TASK DIRECTIONS: Find the line with "Iveco S-Way LNG - 16" in the entries below, then output every line from it down to the line with "Opel Ampera photo 40", exactly and with no pictures.

RECORDS FOR THE TASK:

============================================================

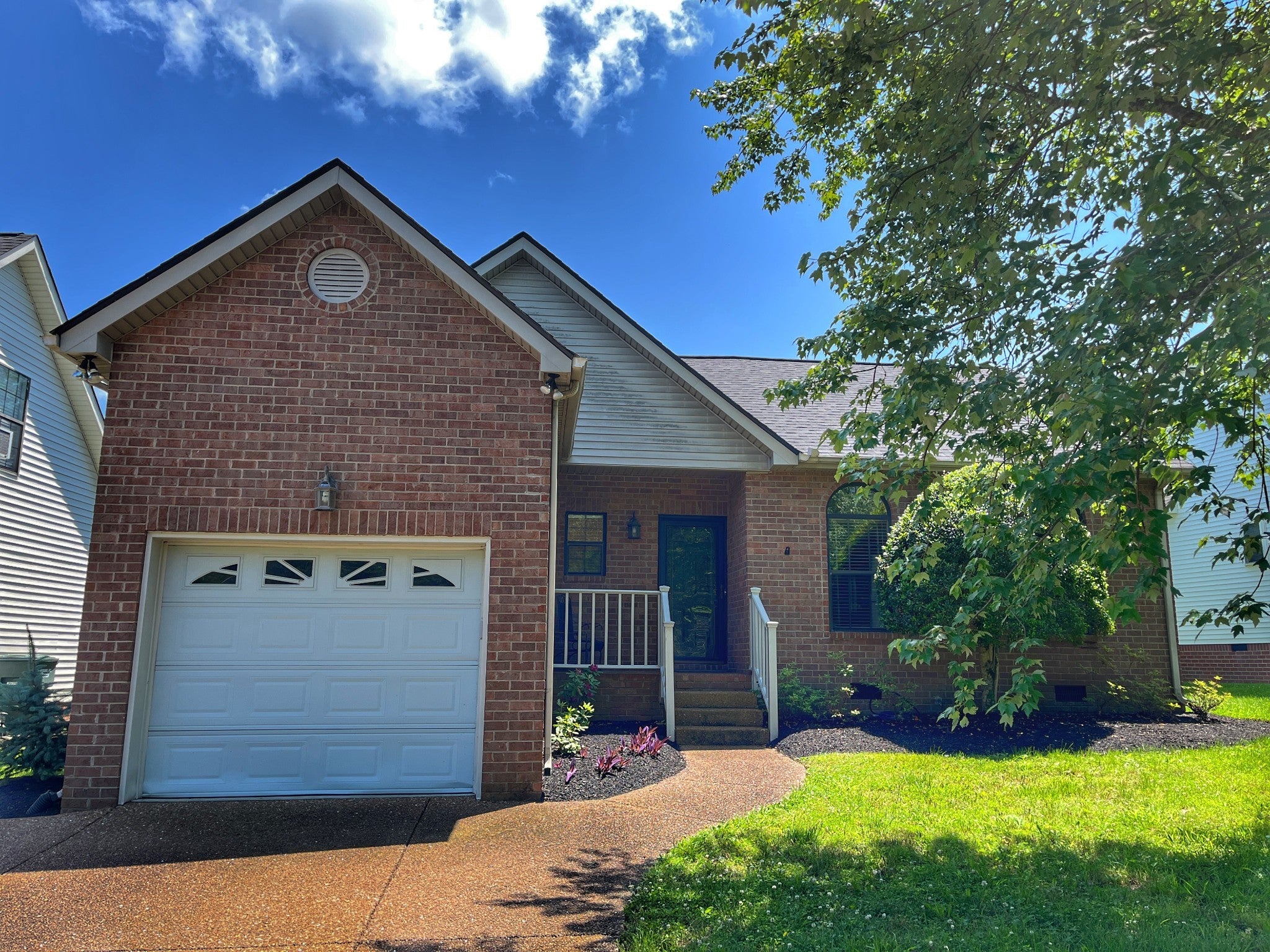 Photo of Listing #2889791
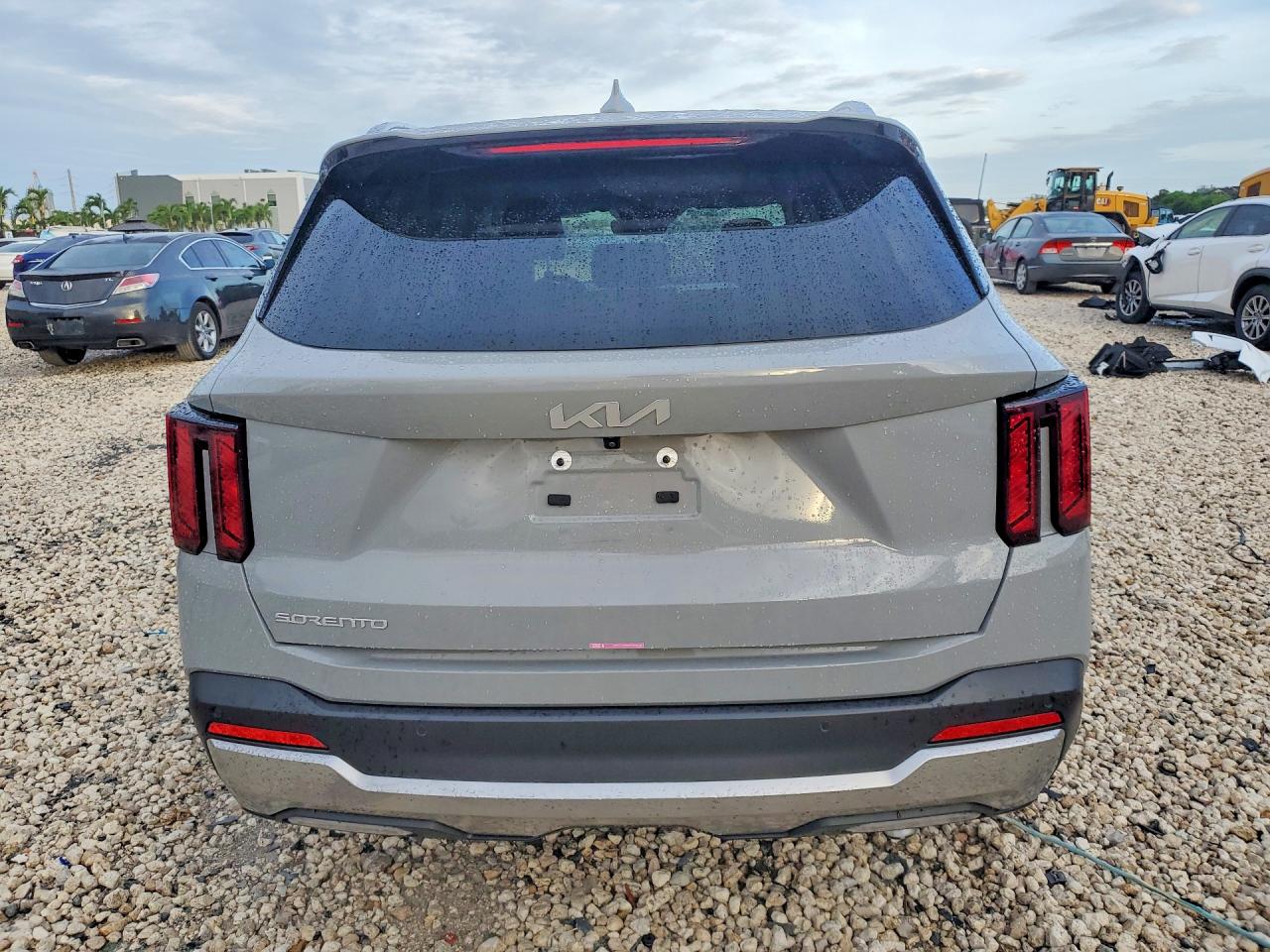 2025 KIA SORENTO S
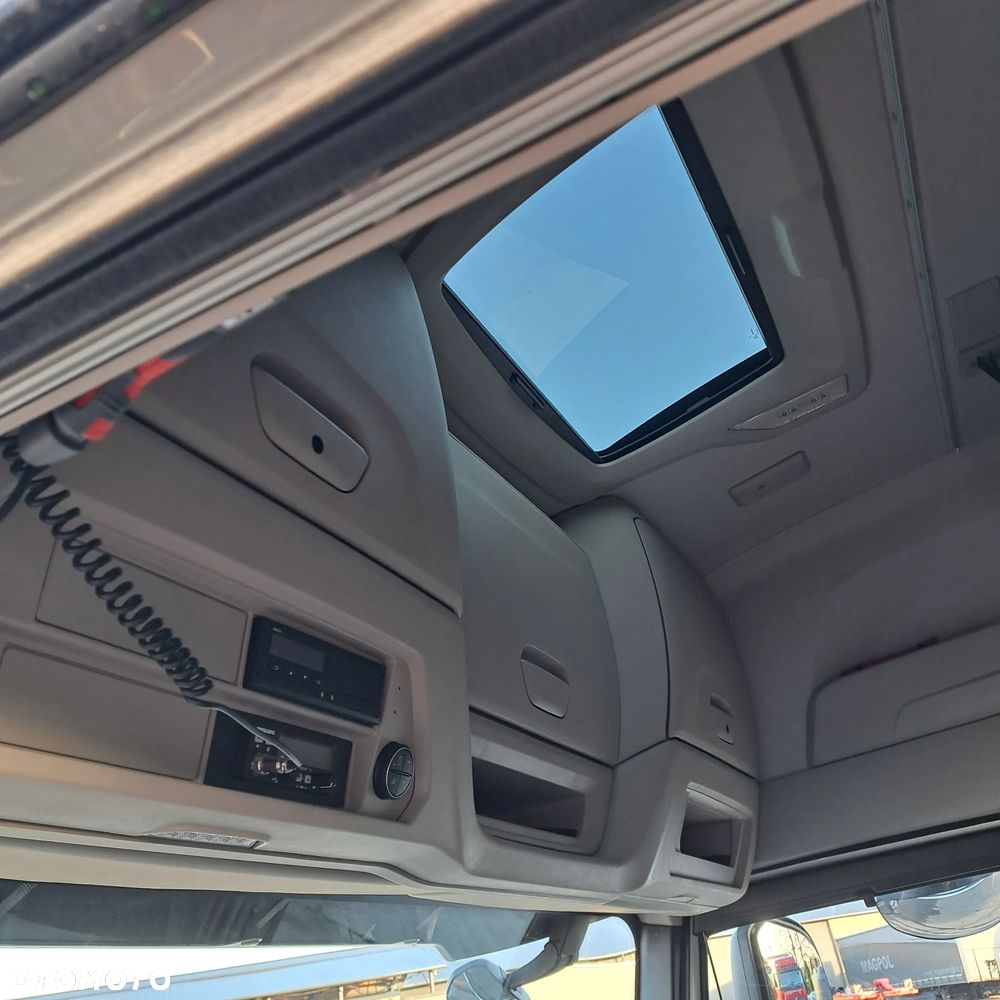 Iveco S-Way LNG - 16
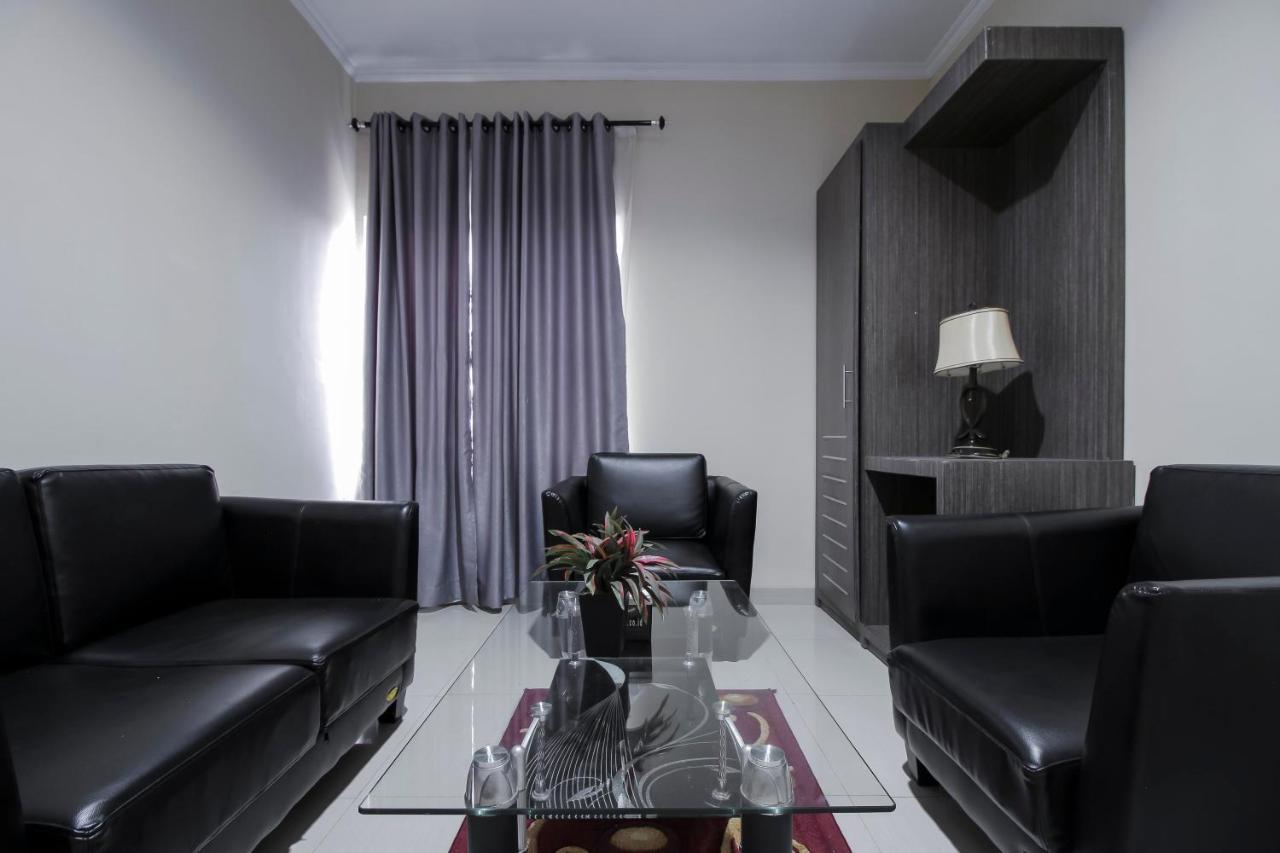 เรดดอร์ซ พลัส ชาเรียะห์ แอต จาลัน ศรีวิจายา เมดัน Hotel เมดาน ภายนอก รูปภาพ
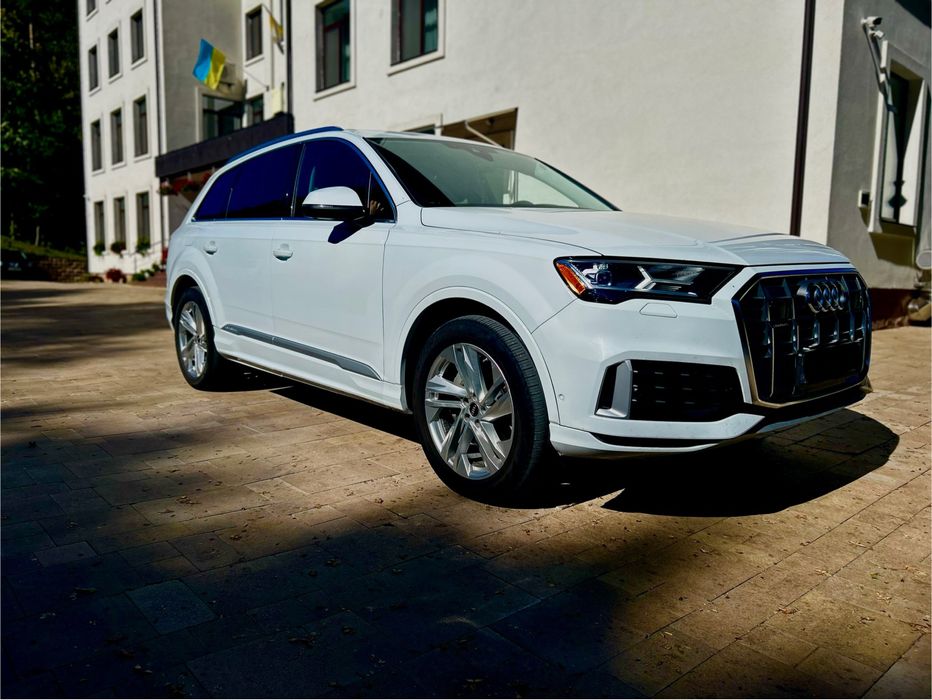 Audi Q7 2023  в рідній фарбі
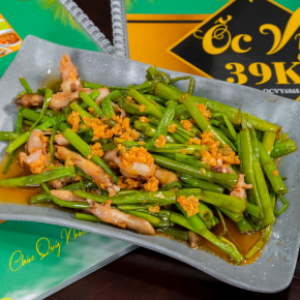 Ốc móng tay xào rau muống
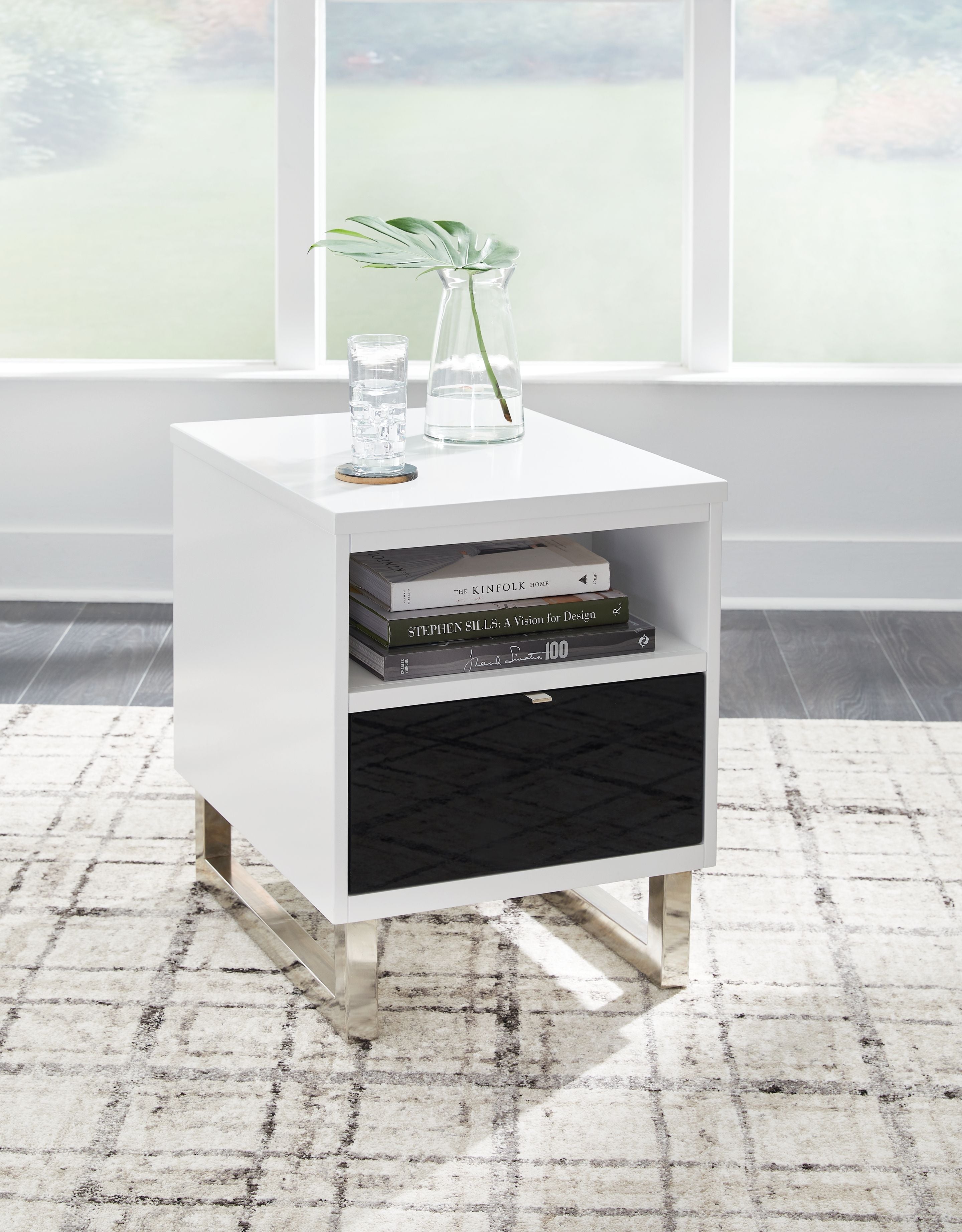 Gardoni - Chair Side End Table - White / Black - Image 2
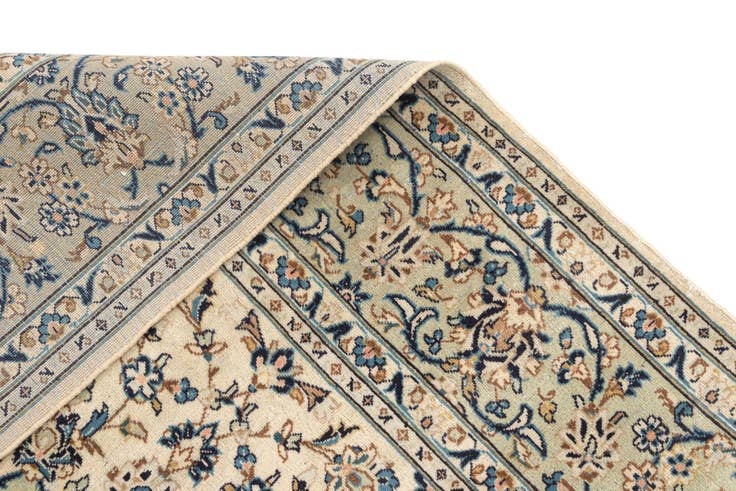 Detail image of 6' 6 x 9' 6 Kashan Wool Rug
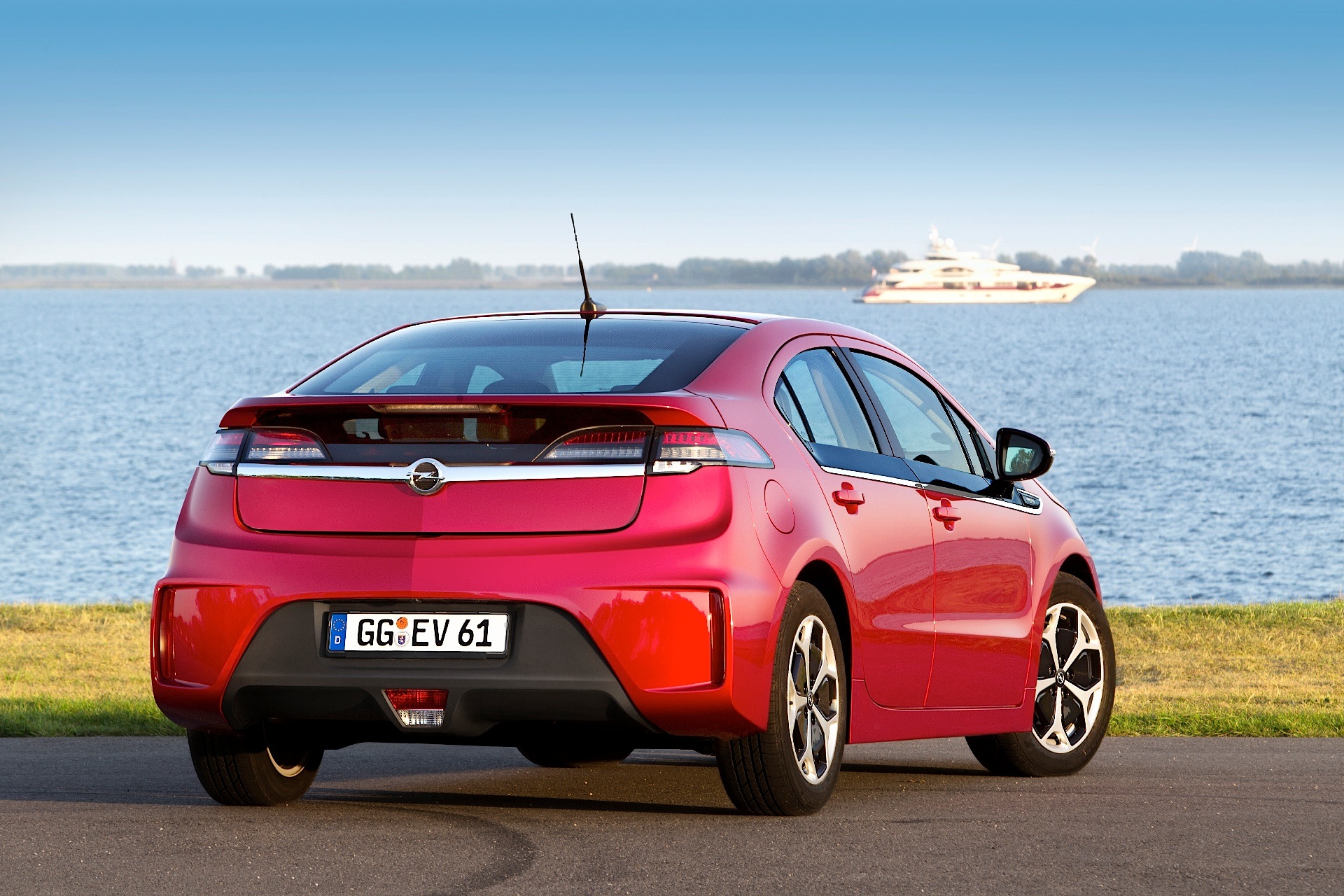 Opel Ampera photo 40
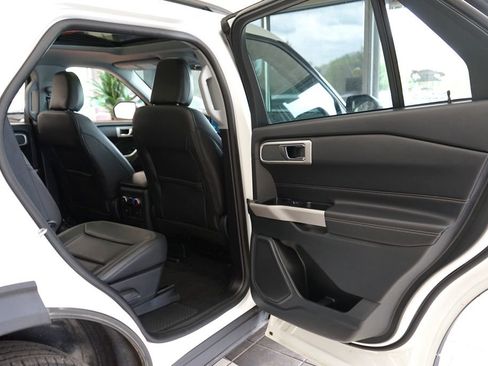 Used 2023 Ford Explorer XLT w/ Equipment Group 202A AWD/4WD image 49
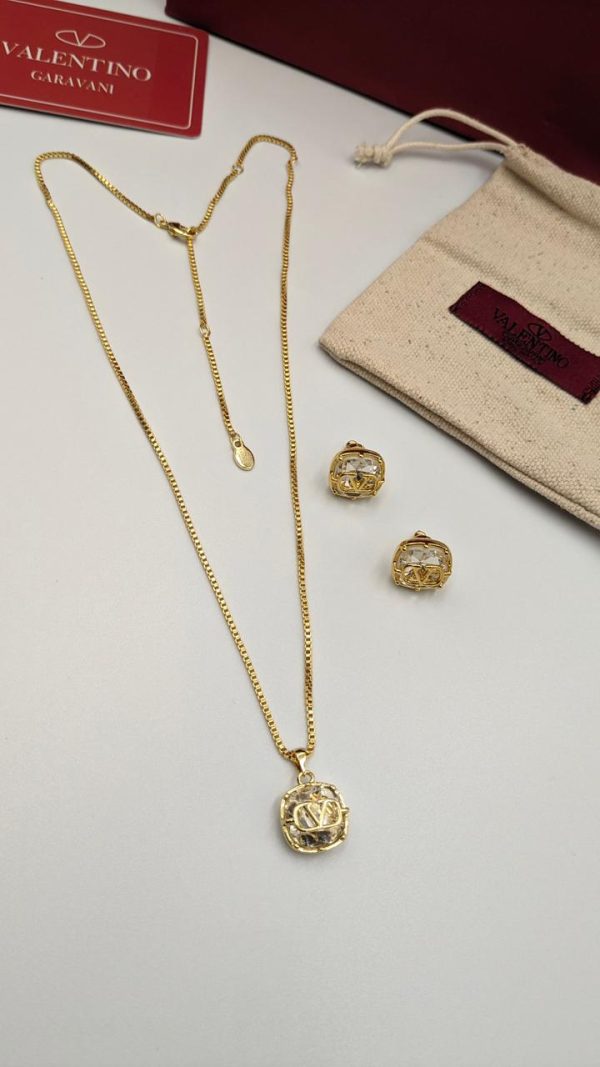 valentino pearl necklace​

============================================================

RESPONSE TO THE TASK:
 Iveco S-Way LNG - 16
 เรดดอร์ซ พลัส ชาเรียะห์ แอต จาลัน ศรีวิจายา เมดัน Hotel เมดาน ภายนอก รูปภาพ
 Audi Q7 2023  в рідній фарбі
 Ốc móng tay xào rau muống
 Gardoni - Chair Side End Table - White / Black - Image 2
 Detail image of 6' 6 x 9' 6 Kashan Wool Rug
 Opel Ampera photo 40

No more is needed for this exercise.